[Short web captions]
/---
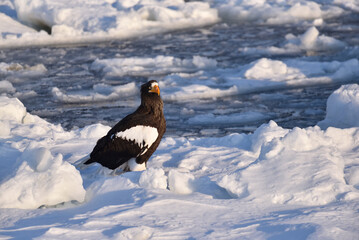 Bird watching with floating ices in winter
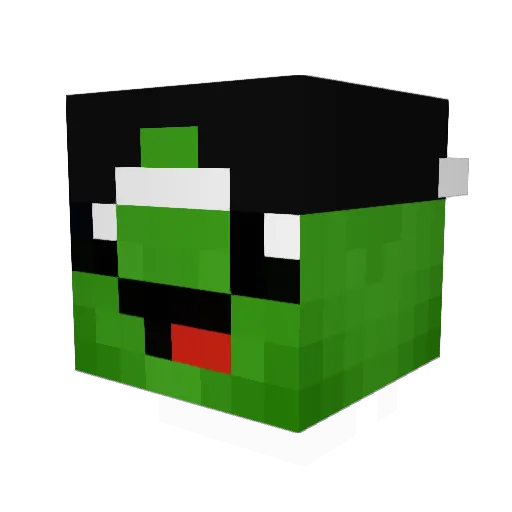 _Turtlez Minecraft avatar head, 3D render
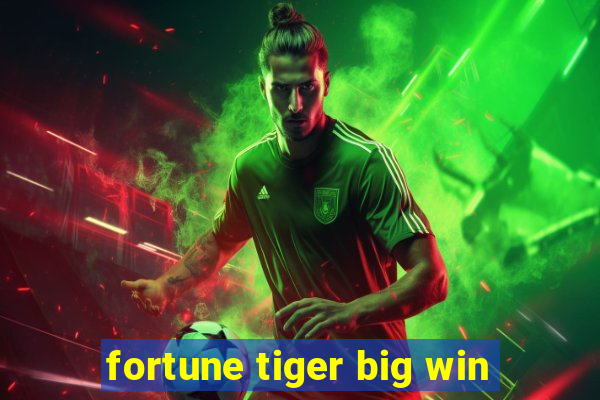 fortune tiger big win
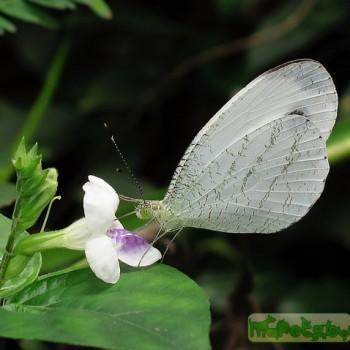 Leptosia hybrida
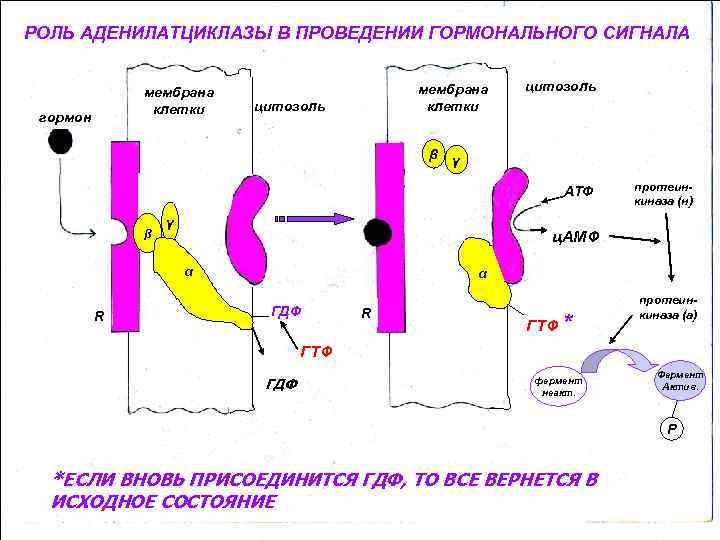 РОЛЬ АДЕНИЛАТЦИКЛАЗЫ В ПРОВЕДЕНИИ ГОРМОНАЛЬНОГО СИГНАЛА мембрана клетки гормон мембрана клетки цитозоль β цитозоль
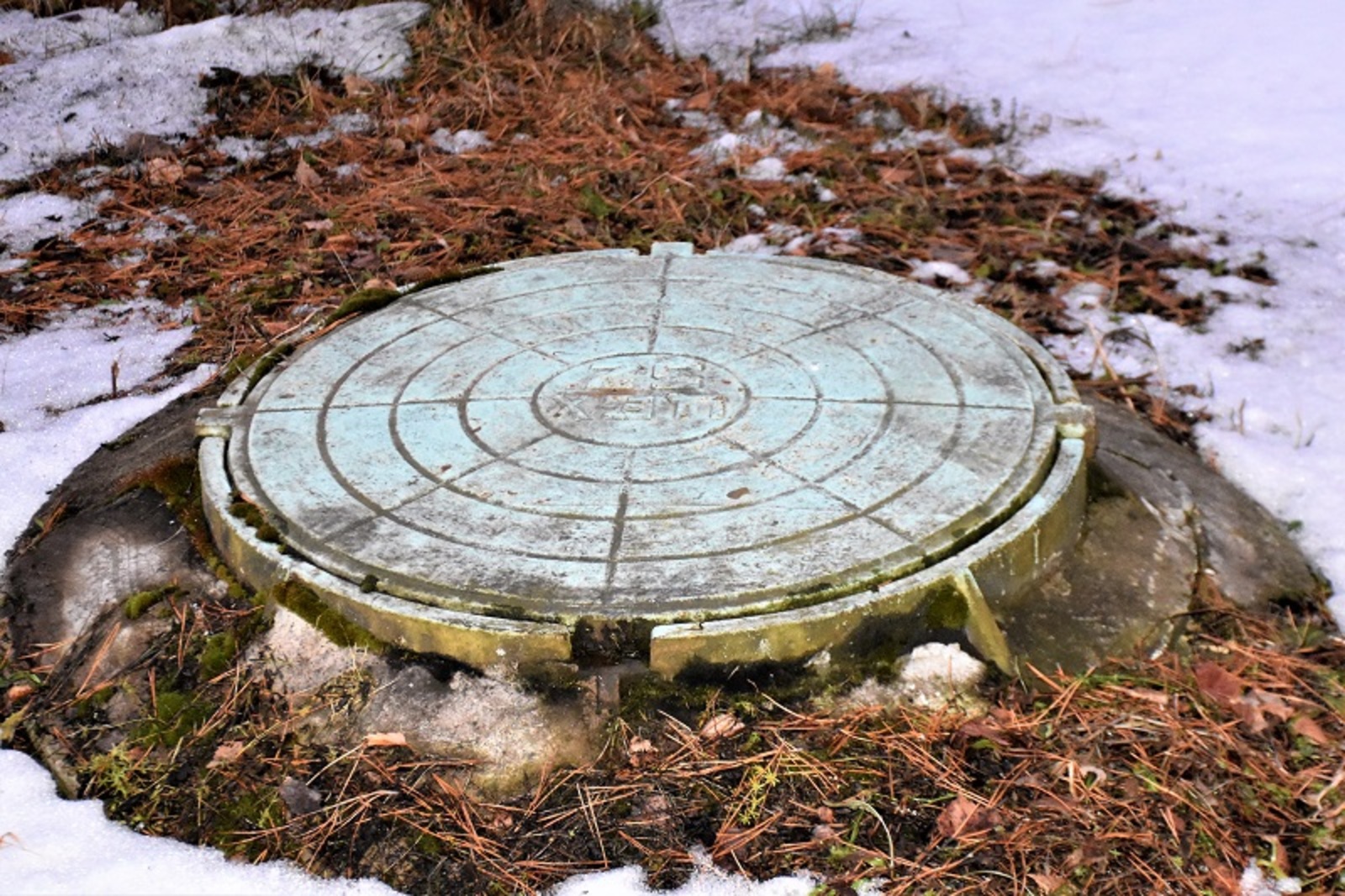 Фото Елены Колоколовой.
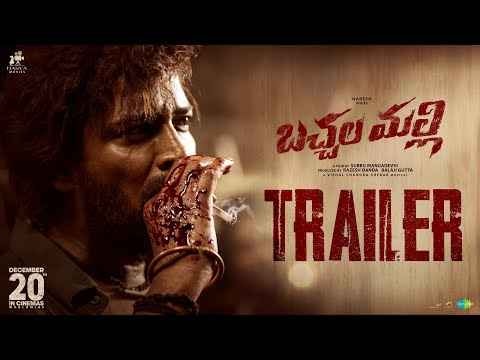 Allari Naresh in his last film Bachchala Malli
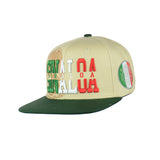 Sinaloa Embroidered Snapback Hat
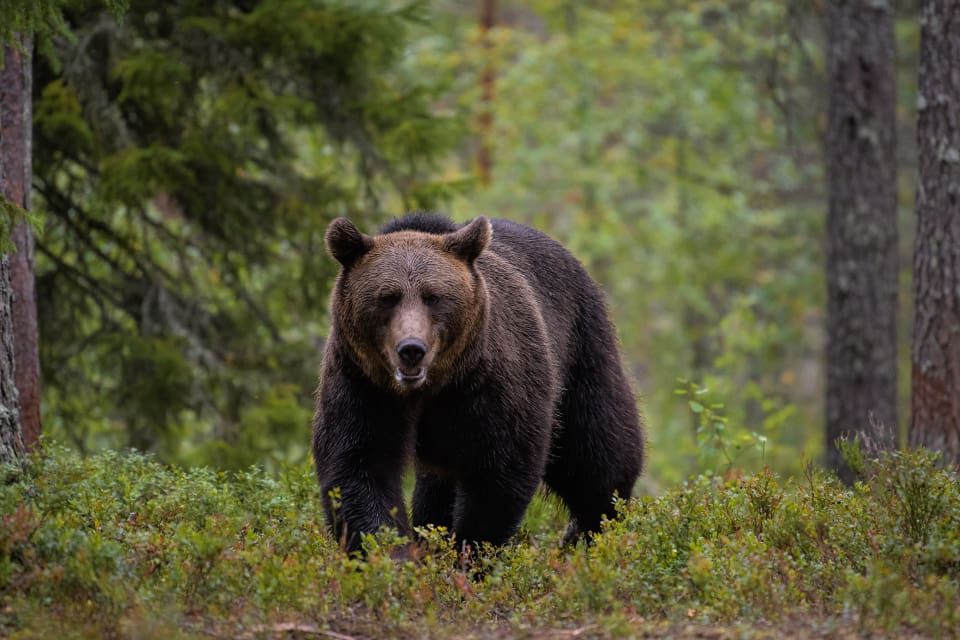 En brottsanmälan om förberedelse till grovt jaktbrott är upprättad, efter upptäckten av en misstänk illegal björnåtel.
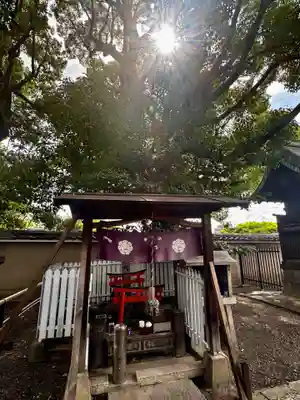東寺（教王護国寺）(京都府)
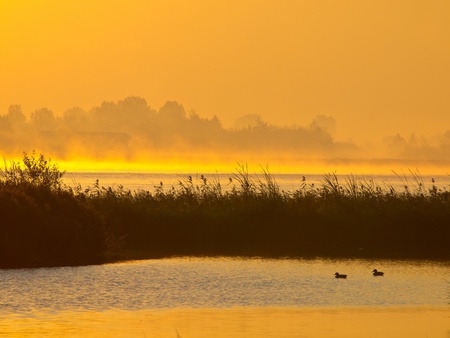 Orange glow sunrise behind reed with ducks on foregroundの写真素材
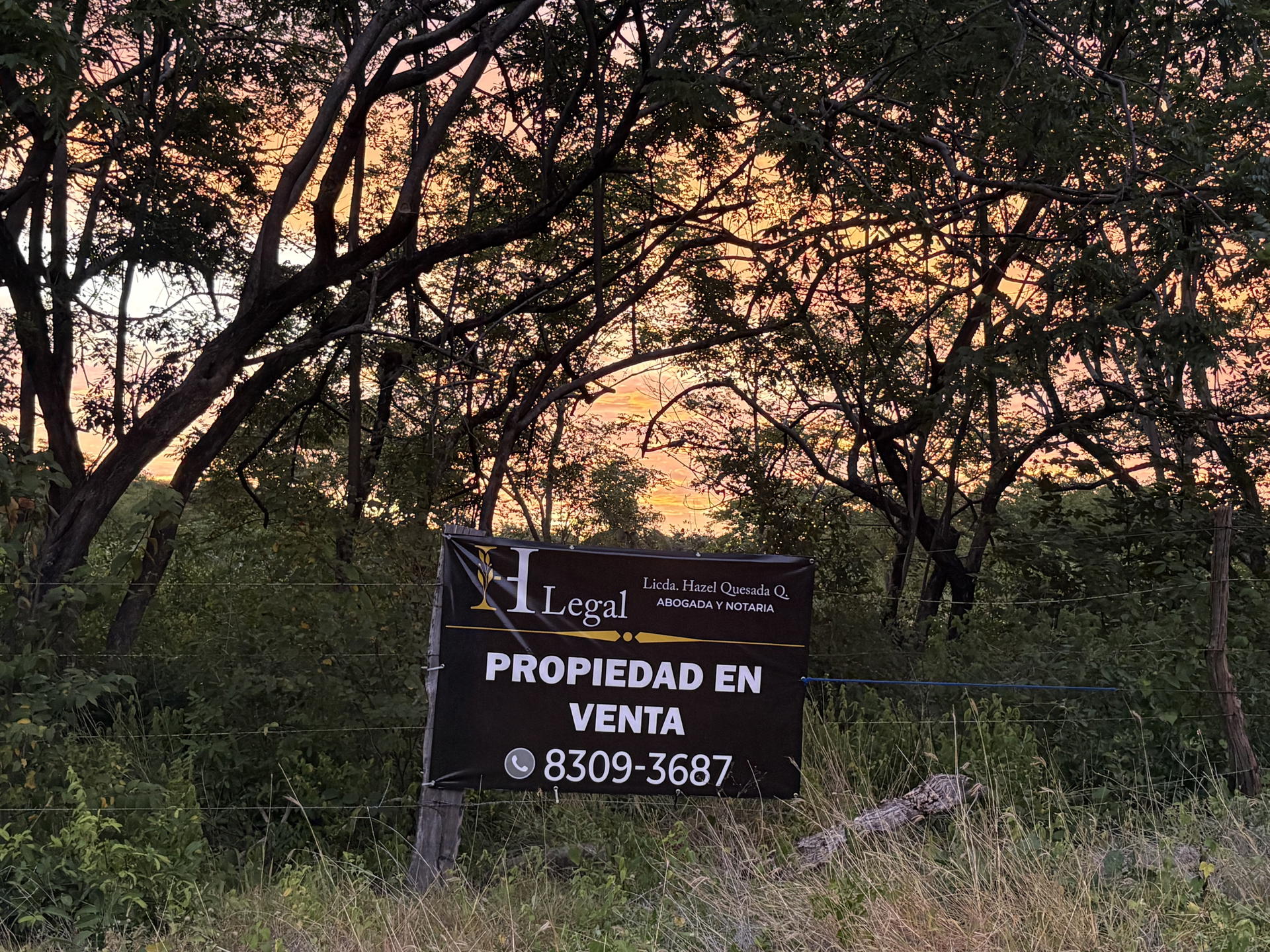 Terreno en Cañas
\---
/---
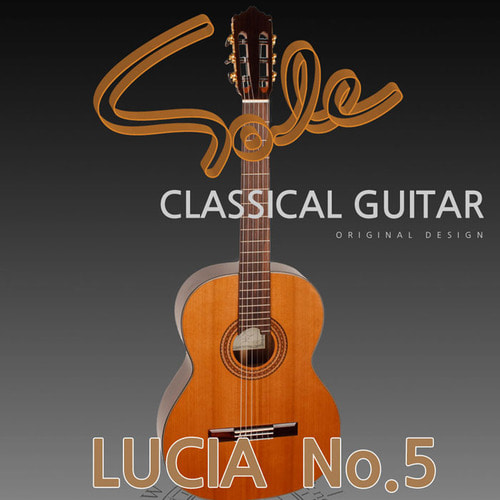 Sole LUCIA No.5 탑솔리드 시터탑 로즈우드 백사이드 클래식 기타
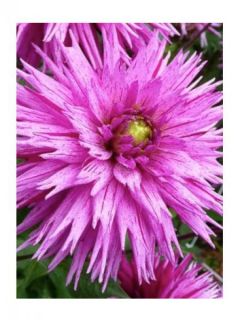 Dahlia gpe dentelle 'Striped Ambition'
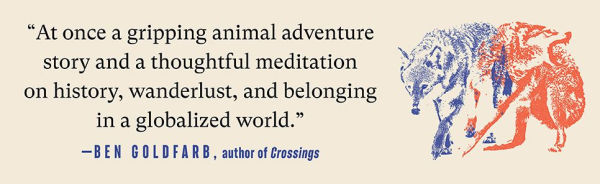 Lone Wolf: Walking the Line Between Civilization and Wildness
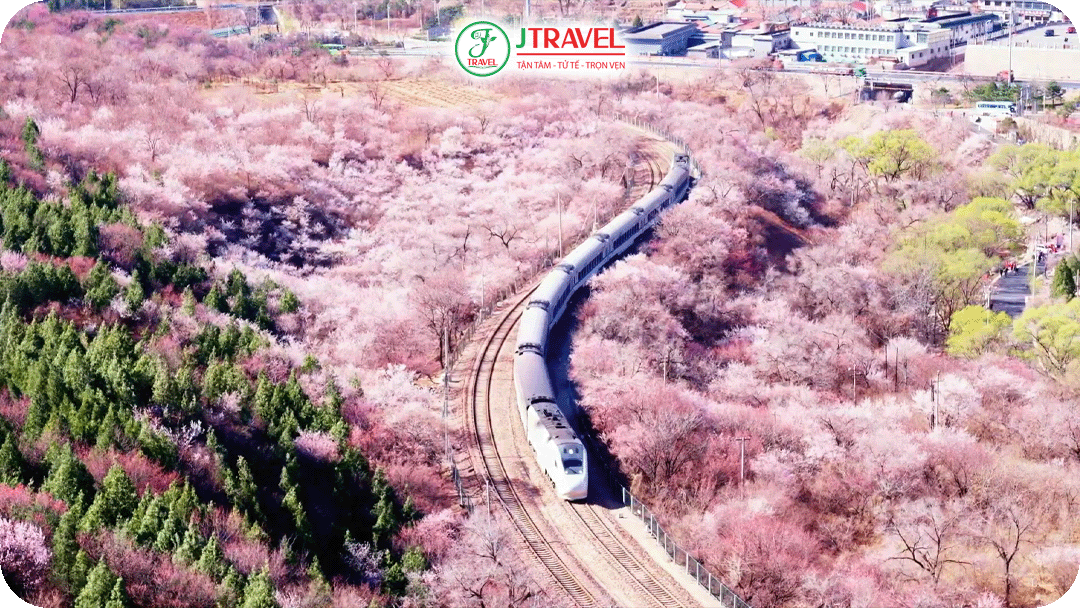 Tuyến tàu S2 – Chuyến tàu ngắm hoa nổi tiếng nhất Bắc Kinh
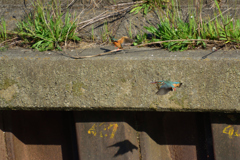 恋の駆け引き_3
\---
:: Problem statement ::
Copy word for word only the lines above from the one with "En brottsanmälan om" through the one with "Terreno en Cañas". Leave pictures out.

:: Exercise solution ::
 En brottsanmälan om förberedelse till grovt jaktbrott är upprättad, efter upptäckten av en misstänk illegal björnåtel.
東寺（教王護国寺）(京都府)
 Orange glow sunrise behind reed with ducks on foregroundの写真素材
 Terreno en Cañas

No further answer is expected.